Rewilding – to restore to it’s natural uncultivated state. Let’s take that sentence right into ourselves and sit with that like forever and let it become who we naturally are.
Mercury retrograde has this thing where it likes to bend you over when you’re not looking and do things to you to wake you the fuck up in ways that are never comfortable, and hey I’m so used to being stripped back to fuck all I’ve grown to love it and wouldn’t have it any other way because the liberation that is experienced and what I become I honestly wouldn’t want to have it any other way.
The word rewilding was repeated in my dream last night over and over again. The word was said many times and was written and shoved in my face so I think I need to pay attention to it and I have been over the last few weeks but clearly it’s really trying to get my attention now. I’ve been really thinking about my art practice and what I put out into the world through my social media pages and really asking myself, am I being raw as fuck as I would like to be on my art pages and if not why not?
I don’t think I am, not intentionally. It’s a feeling you know, it’s a feeling that I’m exploring and a feeling I have not yet expressed through my art yet. All I can say there’s a fear and I’m just sitting with it, looking at it and letting it get comfortable with me and I with it before I pull it apart gently and see what’s beneath it.

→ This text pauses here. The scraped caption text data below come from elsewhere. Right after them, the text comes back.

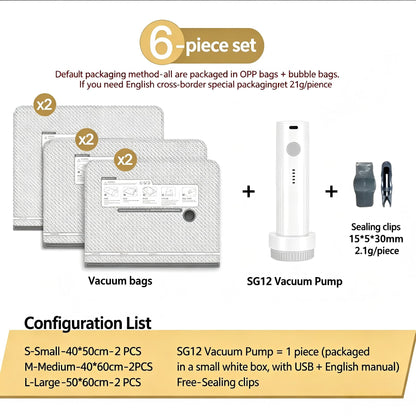 [Upgraded] Cordless Travel Vacuum Bag Set Vacuum Bags for Travel with Rechargeable air Pump, 15 Pack Carry-on Size Compression Packing Bags for Luggage and Suitcase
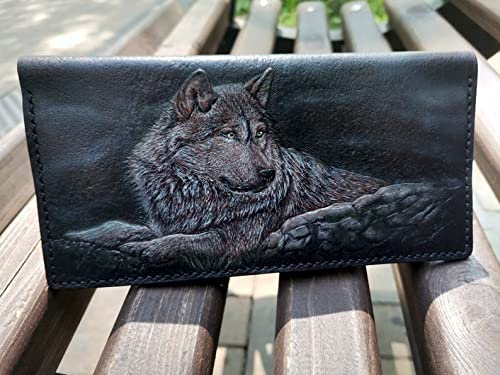 Handmade 3D Genuine Leather Biker Wallet for Men - Custom Engraved & Hand-Painted Long Leather Wallet with Wolf Couple Design - Perfect Gift for Bikers, Travelers & Outdoor Enthusiasts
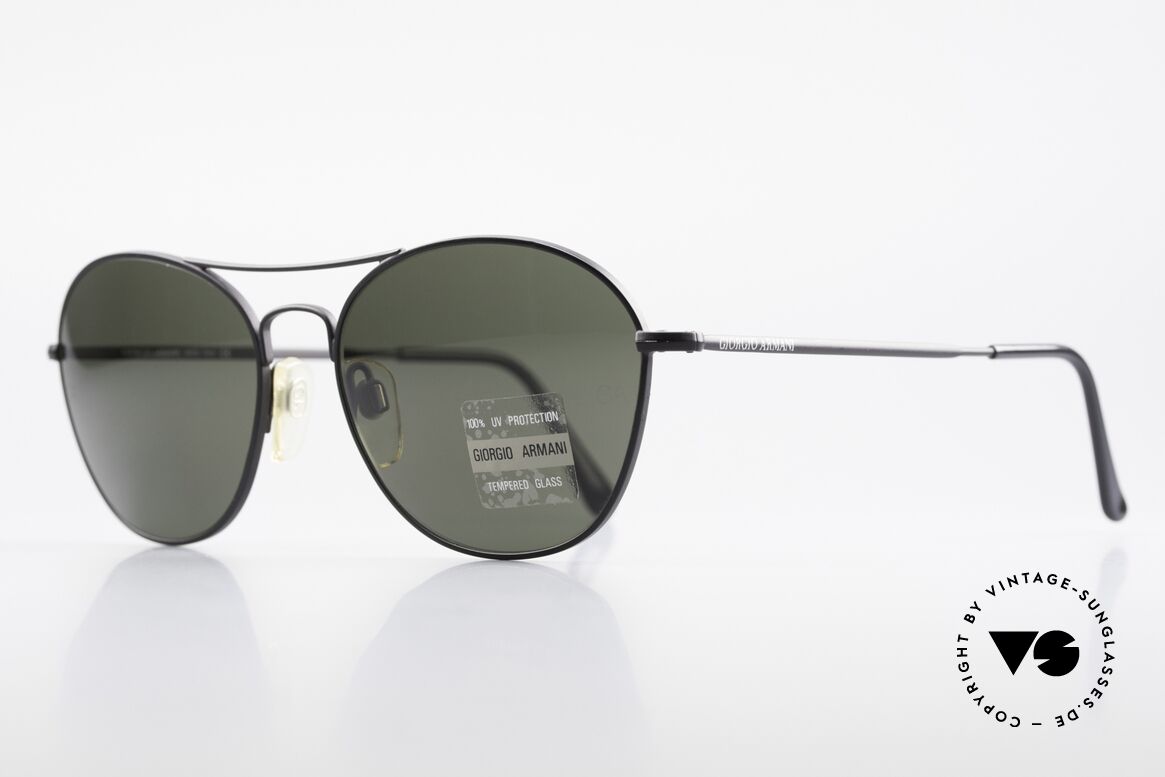 Giorgio Armani 646 Aviator Designer Sonnenbrille, Mineralgläser (100% UV Schutz) mit der GA-Gravur, Passend für Herren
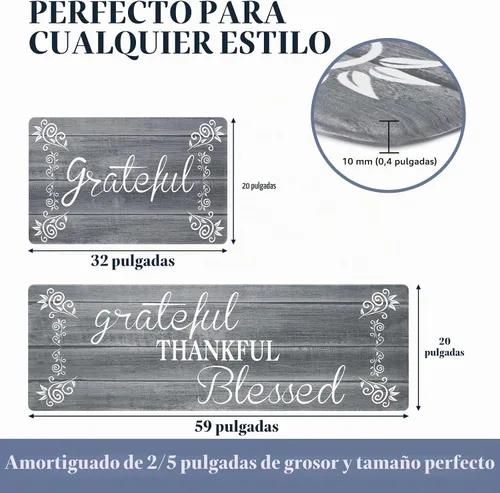 Vista 3 de HEBE Juego de 2 tapetes de cocina antifatiga, tapetes de cocina acolchados Gris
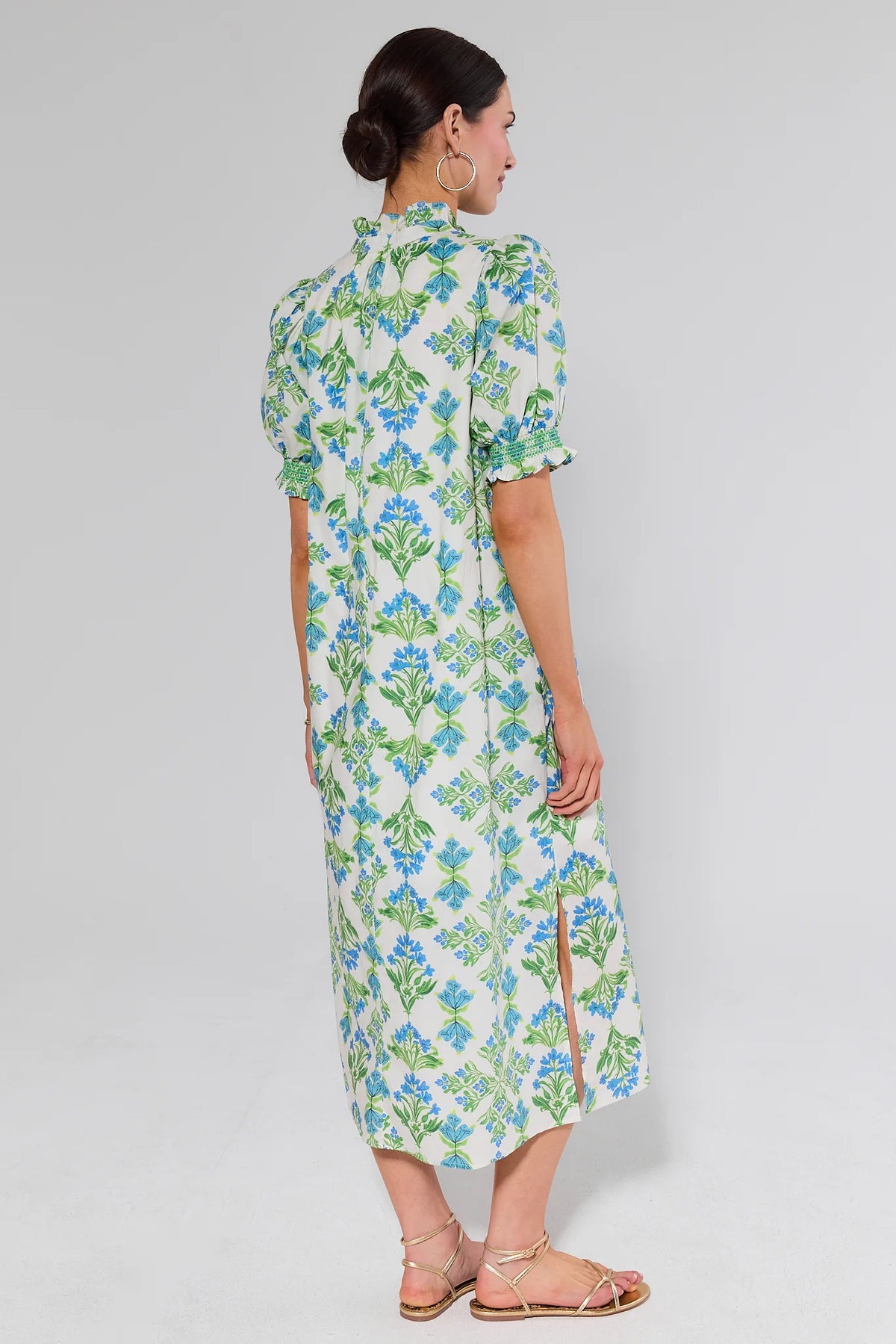 Elena White Floral Print Midi Dress showing back slit & puff sleeve smocking detail - Back View | Avara
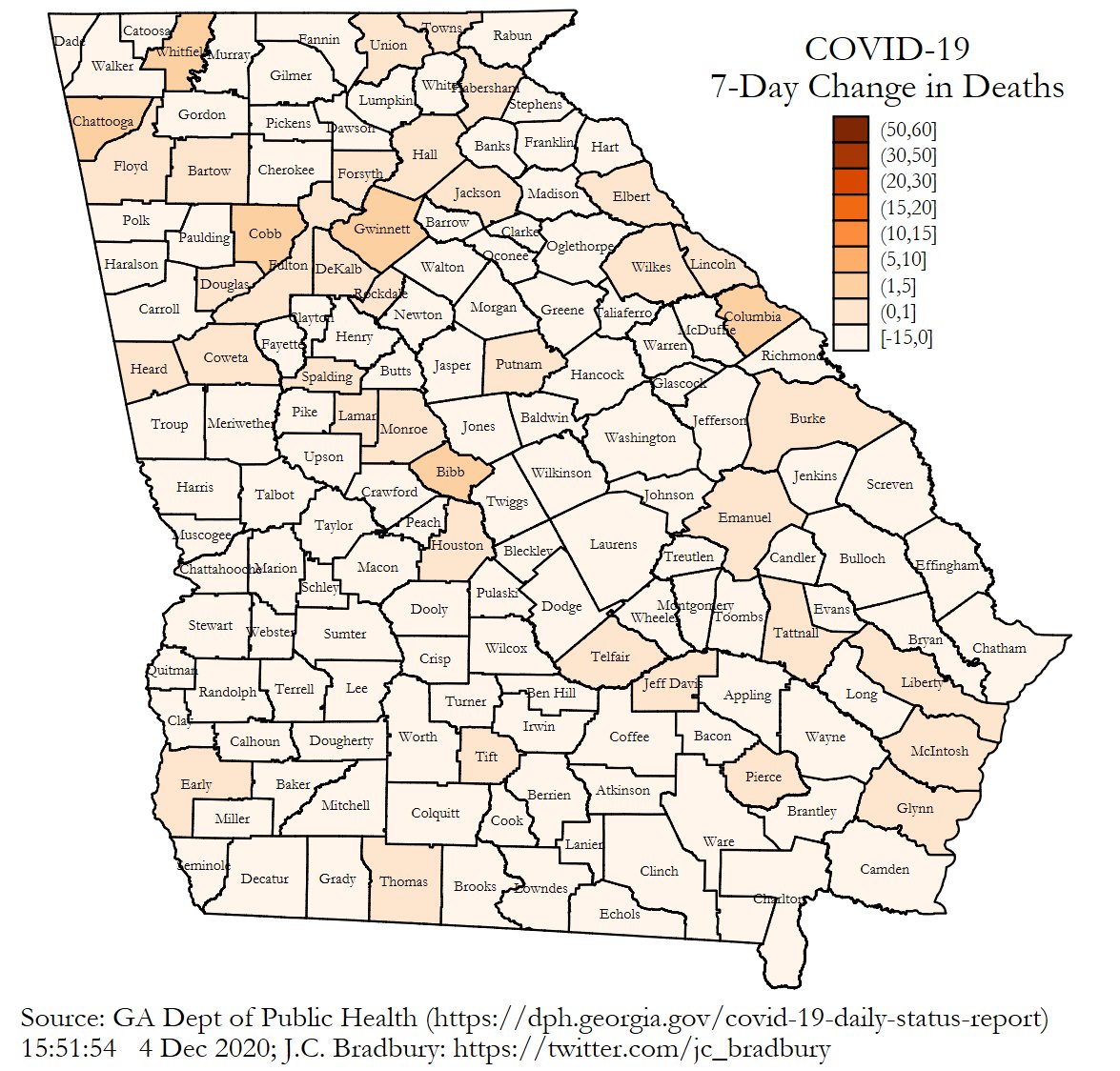 County Deaths (Top 5)Fulton: 717, +3Gwinnett: 547, +6Cobb: 520, +3DeKalb: 471, +2Bibb: 242, +3(of note)Non-GA Res/Unk St: +11(Death maps now include probable and confirmed deaths.)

I created this page for my mediumship readings on Facebook – Blunt as Fuck Tarot Readings and that’s changed everything for me. Finally I’ve allowed myself to be myself through my work after having so much expectation thrown on me to be a certain way which I am not and never fucking will be, its given me space to really look at things and to pull myself onto the dirt and see am I being this way in everything that I do publicly?
This is the reason why I haven’t posted too much on my pages as yet, I’m feeling my way into something that has to be all me. We all put on face for many different reasons, some purposely and others not but I cannot have anything less than what’s all of me so when I find what that is or feel into what the fuck is holding me back and why I’ll share it here or on my pages or all of them I don’t know but it will be shared.